Ιf you raise the bar to 1 billion? If you want to become not a millionaire, but a billionaire?

If we exclude the tax havens, Sweden is first with one billionaire every 320.000 people, which is very surprising since they have high taxes and high labor costs. Israel follows it with one every 475,000 and the USA with one every 572,000.


How do they do that?

The first reason is the free quality education. Public education is the only institution that can give opportunities for a better life for those who weren’t born rich. Knowledge is power and the best qualification in the effort of man to upgrade his standard of living. The highest economic form is the self-made man. Therefore the ideal society gives as many opportunities as possible to one of the lower strata to rise to the higher. How? By Encouraging the mood for innovation. The wealth of talent, against the confidence of the rentiers, the tendency for creation, against the ready family property.
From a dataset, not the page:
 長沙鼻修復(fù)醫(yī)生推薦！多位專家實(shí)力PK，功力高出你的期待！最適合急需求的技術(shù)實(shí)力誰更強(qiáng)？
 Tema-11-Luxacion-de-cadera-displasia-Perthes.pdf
A recent OECD report states that a child from a low-income family in Greece needs four generations to reach the average income. In the US and Britain, five (150 years). In the Nordic countries 2 (Denmark) or 3 (Finland, Norway, Sweden). They have the record. In South America, there is the worst performance with Colombia leading the way, with 11 generations.
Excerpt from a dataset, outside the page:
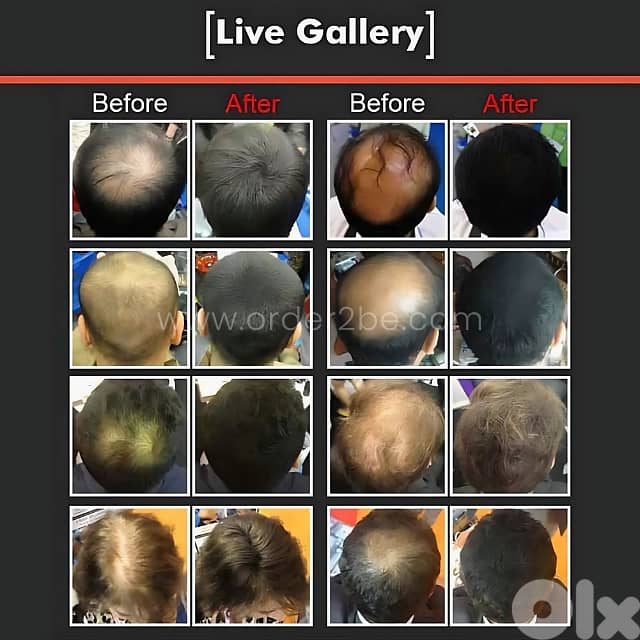 DeXe Hair Building Fibers Powder for Instantly Thicker, Fuller Hair 5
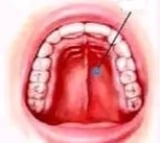 Smokeless tobacco, betel nut drive oral cancer cases in India, highest in South Asia: Lancet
The second reason is about the basic salary. In Scandinavia, we have the following paradox. The high minimum wage results in the employer-entrepreneur avoiding hiring many unskilled workers. Why? Because they cost them a lot of money. They have every incentive to replace these jobs with robotic systems. Otherwise, they will not be able to be competitive. We know that new technologies typically increase productivity. And what happens when you have increased productivity? Your profits increase. They also keep the pay of high-paid employees low. In fact, they are paid more than the unskilled, but less than their colleagues in other countries, and as a result, they save money.
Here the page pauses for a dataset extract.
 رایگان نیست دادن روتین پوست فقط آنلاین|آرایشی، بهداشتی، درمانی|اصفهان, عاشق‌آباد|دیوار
What about the American Dream?

The best place to chase the “American dream” is not the USA; it’s Scandinavia. A state can’t attract investment while maintaining high taxes combined with troubled benefits. Either taxes should be reduced, or favorable conditions should be created to facilitate entrepreneurship. The lower the tax in a country, the easier it is to attract investment funds. Starting new businesses will create new jobs. Everyone will find a job, and the scarcity of available workers will raise wages. For a country to prosper, it must do better than its neighbor in attracting capital. The ease of choosing tax policy is more a matter of financial conditions. Wealthy countries like Germany and France have higher tax and insurance costs for businesses, but they also have the power to impose it. Why?  Because they offer greater reciprocity. They have quality public infrastructure, a stable tax system, ensuring healthy competition, guaranteed demand from a strong and broad consumer public, specialized work by an educated workforce.

Even a small local business has an organization, productivity, and efficiency. The customer knows what he wants; the employee knows how to serve him. You will never see redundant staff, and no one is hired unless they meet at least the minimum requirements. It has a steady flow of receipts across all business cycles and remarkable profitability. He does not know what bureaucracy means. All customers leave satisfied and smiling. If someone is not satisfied, no one is forcing him to go again.

The main obstacle in developed countries is the demographic. Fewer young people of productive age support an increased number of older people. Bankers, as modern alchemists, can make money from scratch, not children. The bill does not come out even in the most favorable conditions. Even if any financial or tax system is correctly implemented, each of us considers it ideal. For this ratio to be viable, we must intelligently exploit technology in conjunction with a productive reconstruction so that productivity rises. At such a level, where the wealth produced is like working multiple times.